Class overview
- Builders: Mort's Dock, Balmain, New South Wales; Poole & Steel, Balmain, New South Wales;
- Operators: Royal Australian Navy
- Built: 1913–1916
- Completed: 4
- Lost: 1
- Retired: 3

General characteristics
- Type: Oil Fuel Lighter
- Length: 156 ft (48 m)
- Beam: 30 ft (9.1 m)
- Depth: 14 ft (4.3 m)
- Capacity: 550 tons

= 500-ton Oil Fuel Lighter =

The 500-ton Oil Fuel Lighter was a class of oil fuel lighters built for the Royal Australian Navy between 1913 and 1916.

==Design==
The lighters were 156 ft in length, 14 ft depth and 30 ft breadth and cost about £18,000 each to build. The hull included 10 oil tanks, separated by air spaces and cofferdams, which held a capacity of 550 tons of liquid fuel oil. Sleeping accommodation and a saloon were also provided in the forward portion.
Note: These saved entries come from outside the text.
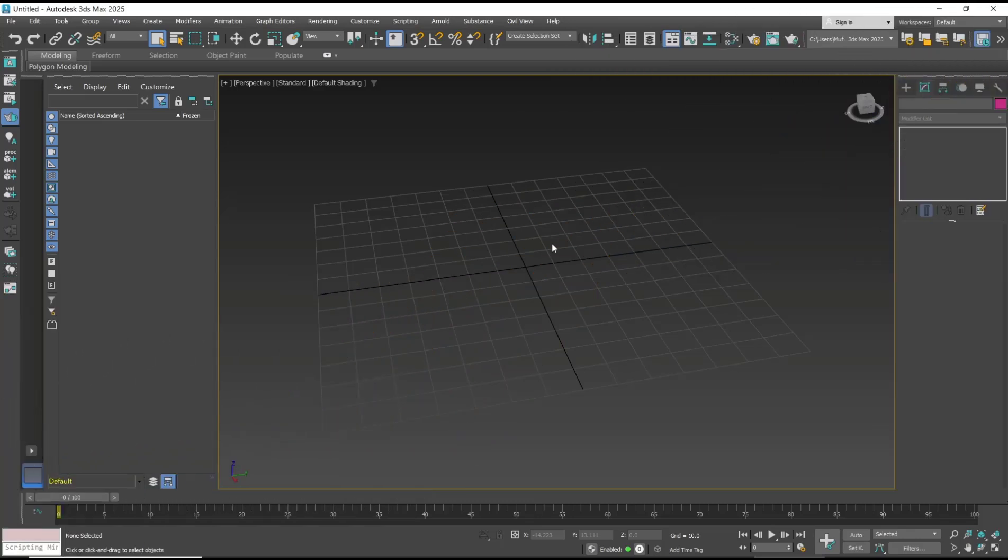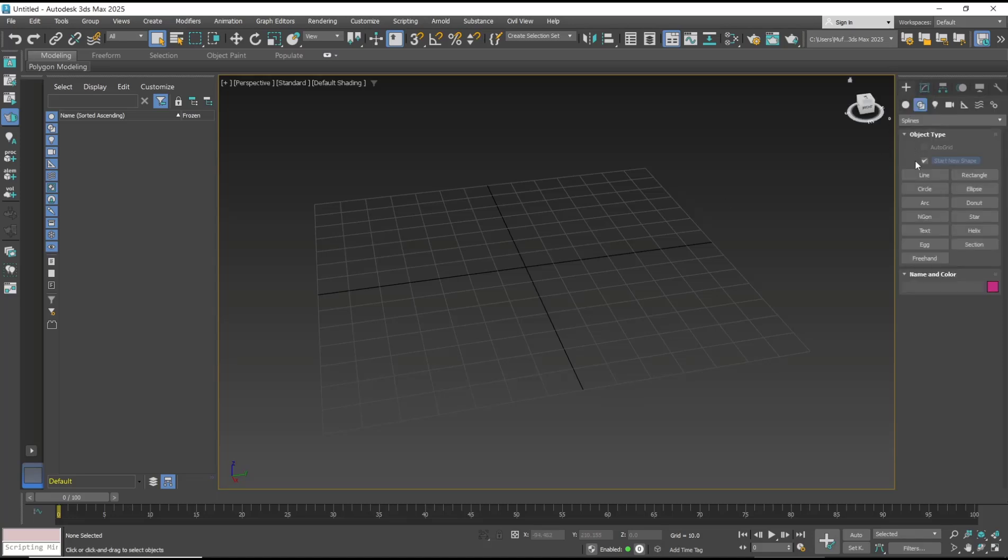Hello everyone, today we are going to learn a basic 3D Max tutorial: how to connect vertices. If you want to connect vertices, you can use a weld tool. For example, I will create a box.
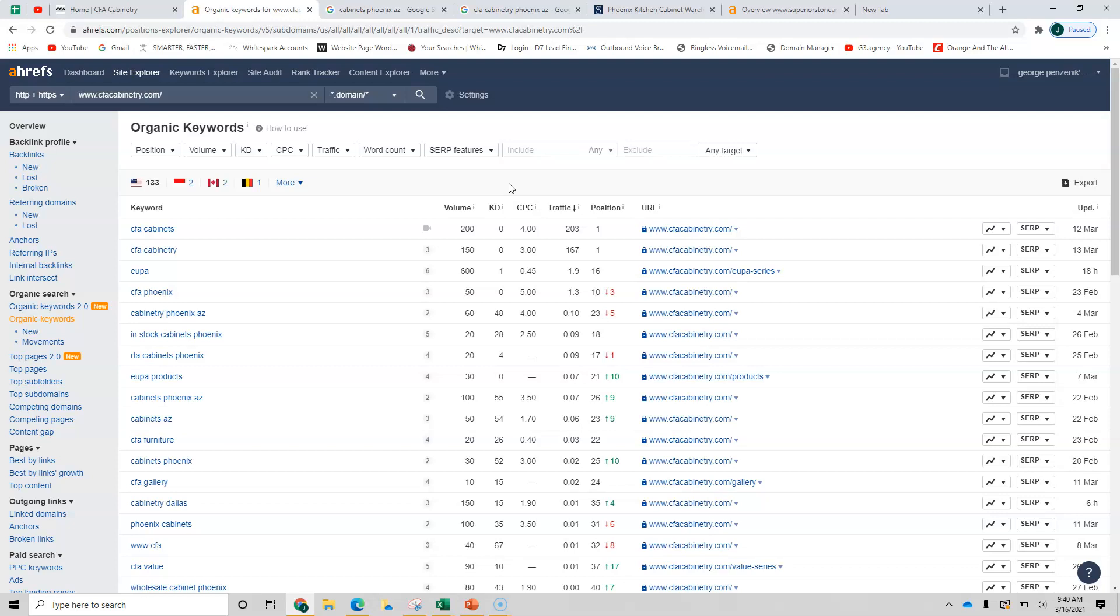We've got adding content, putting your phone number, preferably on the top with a click to call, changing the names of your images to keywords. So let's look here. CFA cabinets. Well, that's your name. So you're getting plenty of traffic from that traffic here. And then it starts to drop off.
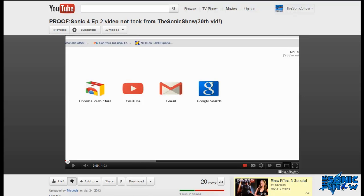What this kid has done is downloaded our video, edited it a bit, uploaded it again, and pretended they're playing through Sonic 4 Episode 2.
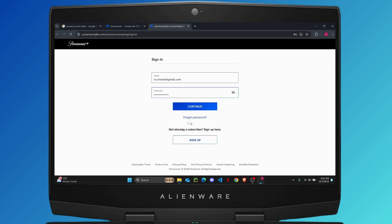In case you've forgotten your password, click right here and it will send a reset link to your email, and you can reset your password from there.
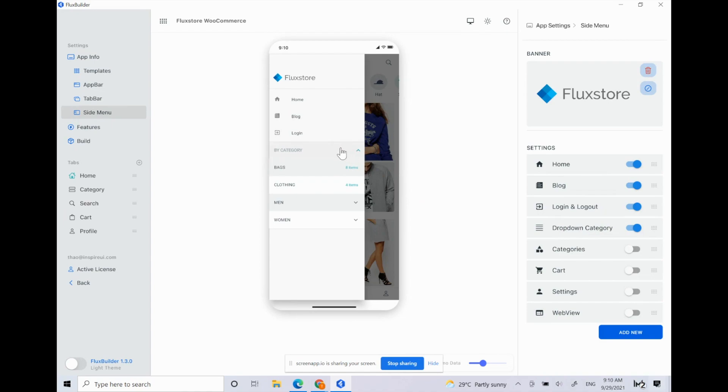Apart from the old settings in the previous version, you will have some more selections, such as Category, Cart, Settings, and Web View to add into the side menu.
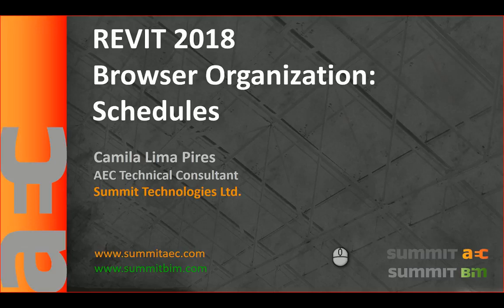Hello everyone! My name is Camila Lima-Pires. I am an AEC Technical Consultant at Summit Technologies in Calgary, Alberta.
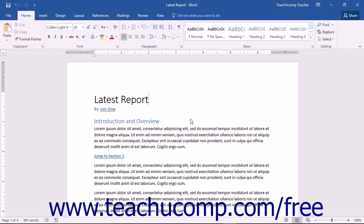As long as they have a Microsoft Office account and access to the Internet, they can work on the document in real time with other members of the group. For this function to work, your document must be saved to a SharePoint or OneDrive online storage account.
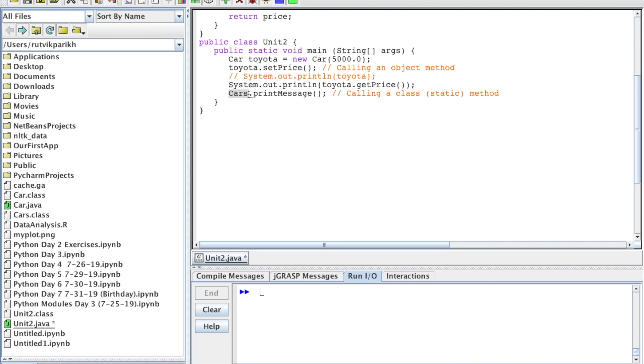Class methods are also called static methods, by the way. You put the class name, which is Cars, then the dot operator, then the method name with the parentheses. That will call a class method.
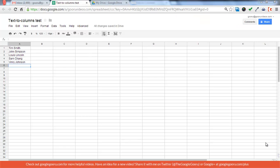Hi, and welcome back to Google Guru. Today I just want to show you a very quick tip on how to use an App Script to run a text-to-columns process in Google Spreadsheets.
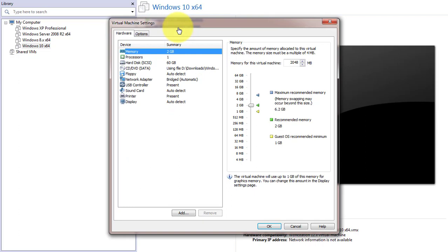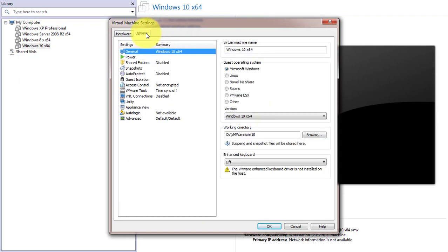Click Edit Virtual Machine Settings. Click the Options tab. Copy the working directory.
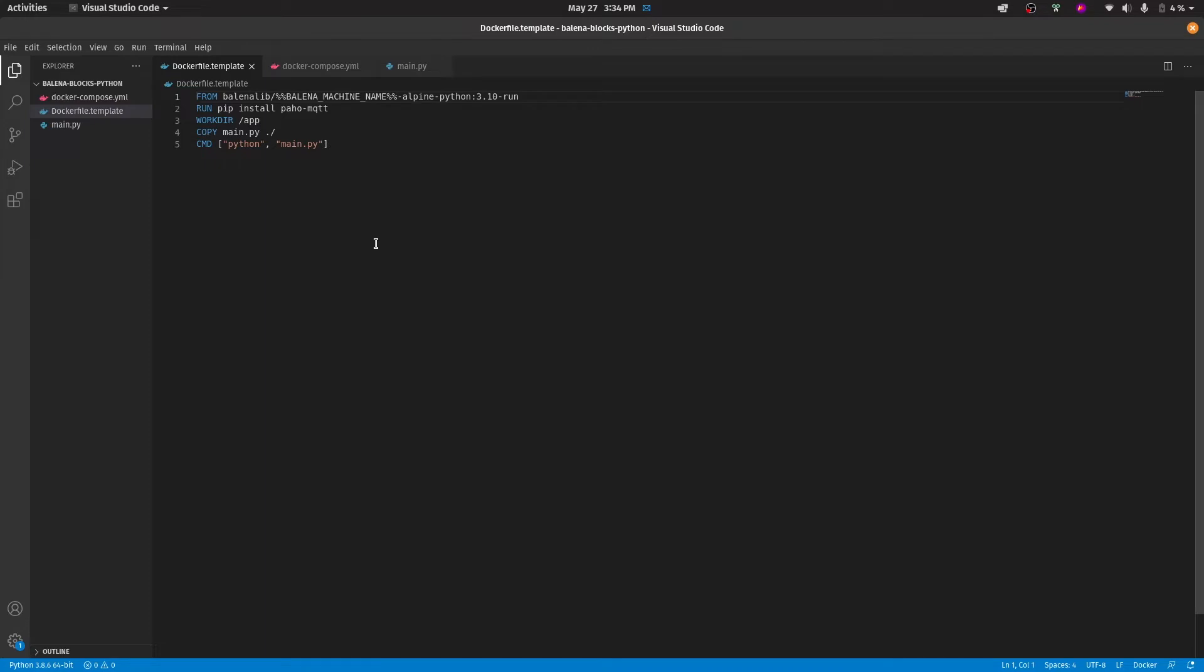As you may see, there are three files: a dockerfile.template, a docker-compose, and a Python script that we will be running, in this case, through a Raspberry Pi 3.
Two sets of diesel engines with centrifugal pumps discharged the fuel oil from the tanks.

==Oil fuel lighters==
- OFL No. 1, built by Mort's Dock under contract to Cockatoo Island Dockyard, laid down in 1913 and completed in 1916. Caught fire at Stokes Hill Wharf, Darwin during the bombing of Darwin in February 1942.
- OFL No. 2, built by Mort's Dock under contract to Cockatoo Island Dockyard, laid down in 1913 and completed in 1916.
- OFL No. 3, built by Poole and Steel under contract to Cockatoo Island Dockyard, laid down in 1914 and completed in 1915.
- OFL No. 4, built by Poole and Steel under contract to Cockatoo Island Dockyard, laid down in 1914 and completed in 1915.